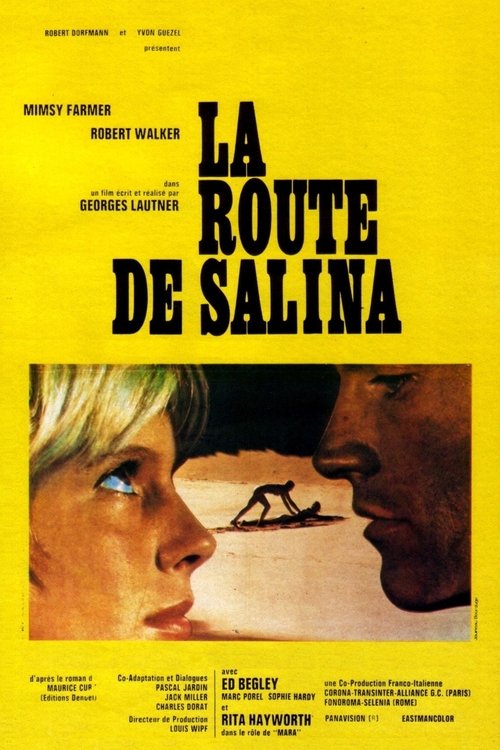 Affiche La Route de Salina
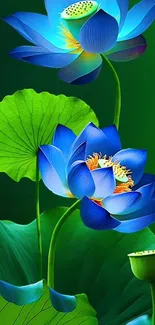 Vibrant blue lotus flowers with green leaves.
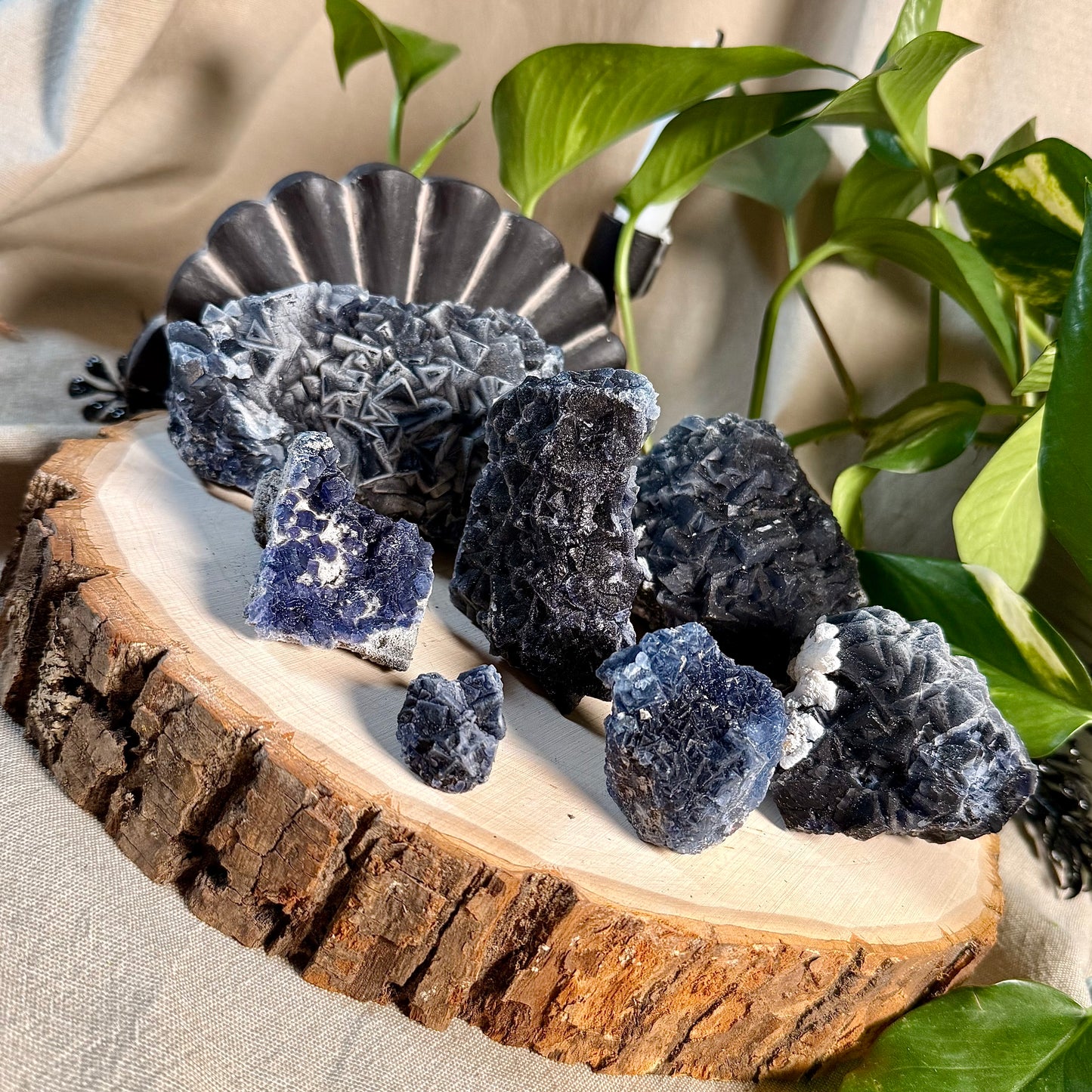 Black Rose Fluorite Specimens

**TASK STATEMENT:** An exact transcript of the listing is needed, free of pictures.

**OUTPUT BELOW:**
 Affiche La Route de Salina
 Vibrant blue lotus flowers with green leaves.
 Black Rose Fluorite Specimens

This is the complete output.